## WHAT IS REQUIRED:
When you set down the entries, keep every word exactly as it is but drop the pictures.

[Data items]
======

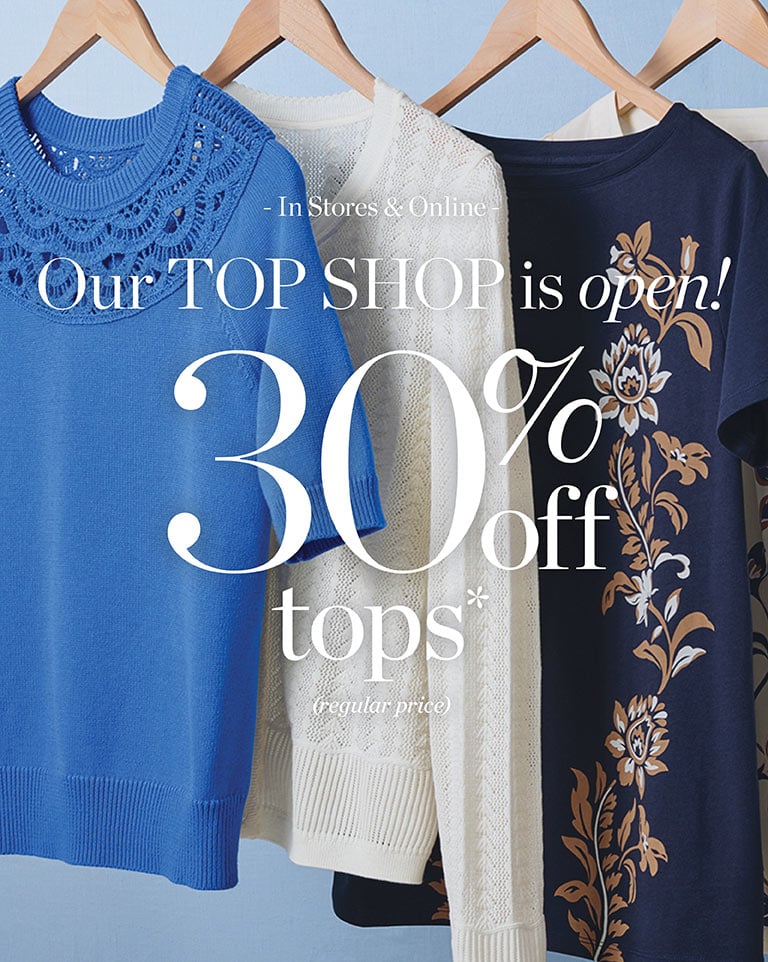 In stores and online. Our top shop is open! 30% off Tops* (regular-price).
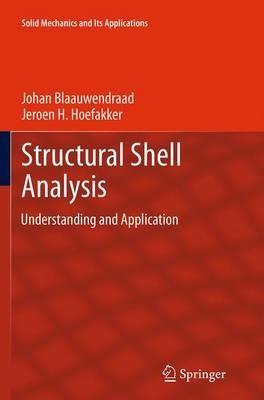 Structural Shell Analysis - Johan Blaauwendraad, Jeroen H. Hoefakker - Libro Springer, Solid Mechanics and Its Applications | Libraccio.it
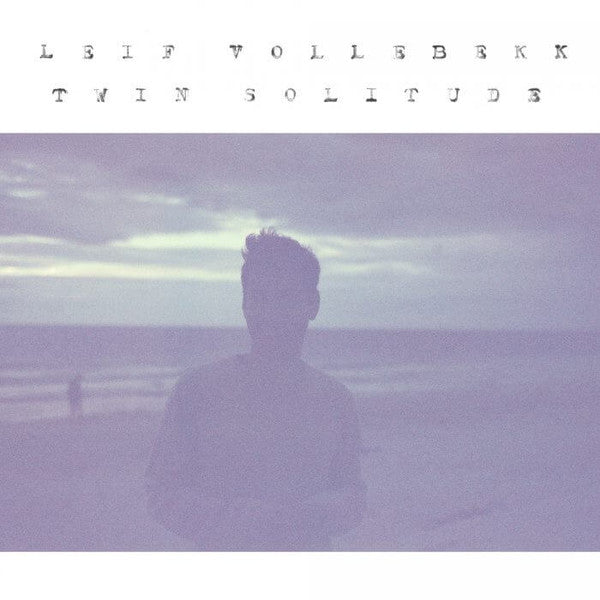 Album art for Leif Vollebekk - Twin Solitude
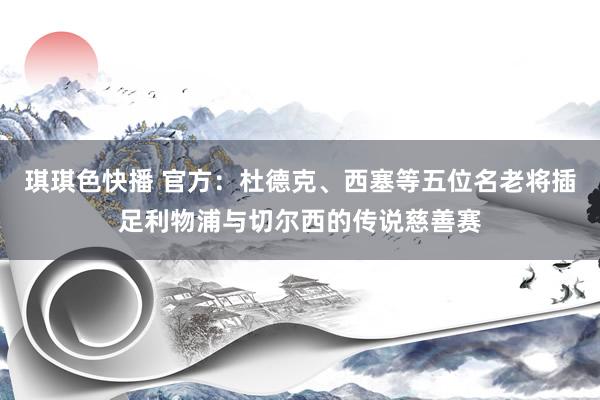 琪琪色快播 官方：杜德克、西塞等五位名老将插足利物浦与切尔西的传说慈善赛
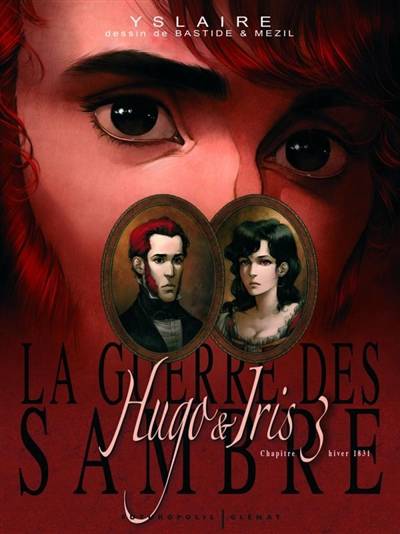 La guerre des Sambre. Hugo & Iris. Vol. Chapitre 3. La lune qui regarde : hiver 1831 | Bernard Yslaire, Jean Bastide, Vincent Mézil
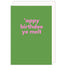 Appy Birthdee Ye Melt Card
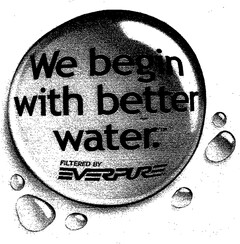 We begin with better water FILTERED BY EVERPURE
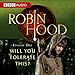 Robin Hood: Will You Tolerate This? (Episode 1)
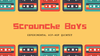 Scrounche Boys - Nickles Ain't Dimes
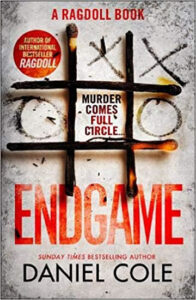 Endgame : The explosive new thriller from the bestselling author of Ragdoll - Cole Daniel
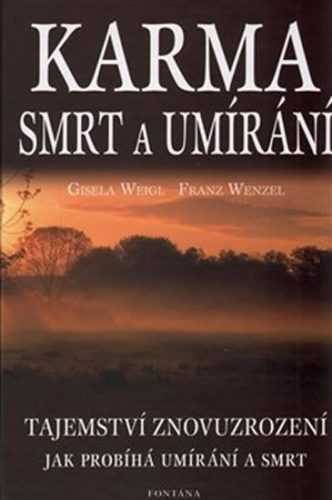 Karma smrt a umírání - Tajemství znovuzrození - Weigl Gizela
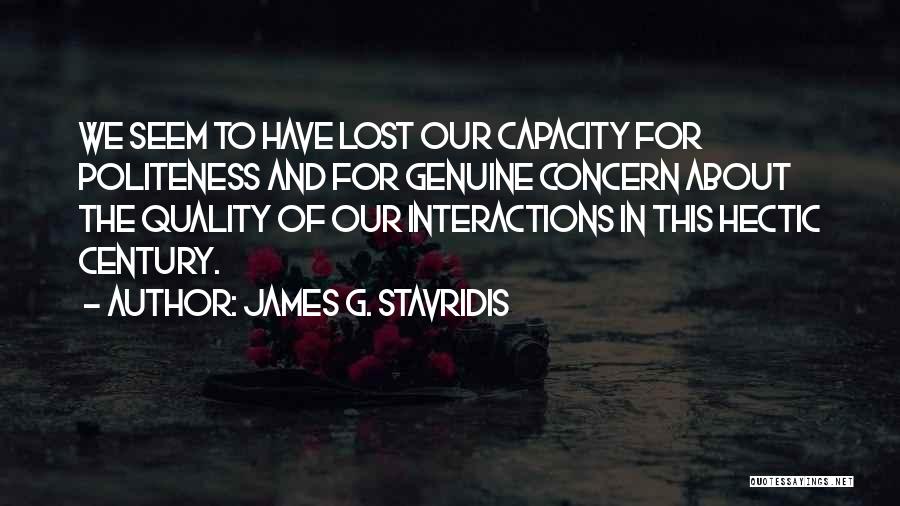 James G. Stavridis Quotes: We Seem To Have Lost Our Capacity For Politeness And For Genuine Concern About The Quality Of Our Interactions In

======

## FINAL ANSWER:
 In stores and online. Our top shop is open! 30% off Tops* (regular-price).
 Structural Shell Analysis - Johan Blaauwendraad, Jeroen H. Hoefakker - Libro Springer, Solid Mechanics and Its Applications | Libraccio.it
 Album art for Leif Vollebekk - Twin Solitude
 琪琪色快播 官方：杜德克、西塞等五位名老将插足利物浦与切尔西的传说慈善赛
 La guerre des Sambre. Hugo & Iris. Vol. Chapitre 3. La lune qui regarde : hiver 1831 | Bernard Yslaire, Jean Bastide, Vincent Mézil
 Appy Birthdee Ye Melt Card
 We begin with better water FILTERED BY EVERPURE
 Robin Hood: Will You Tolerate This? (Episode 1)
 Scrounche Boys - Nickles Ain't Dimes
 Endgame : The explosive new thriller from the bestselling author of Ragdoll - Cole Daniel
 Karma smrt a umírání - Tajemství znovuzrození - Weigl Gizela
 James G. Stavridis Quotes: We Seem To Have Lost Our Capacity For Politeness And For Genuine Concern About The Quality Of Our Interactions In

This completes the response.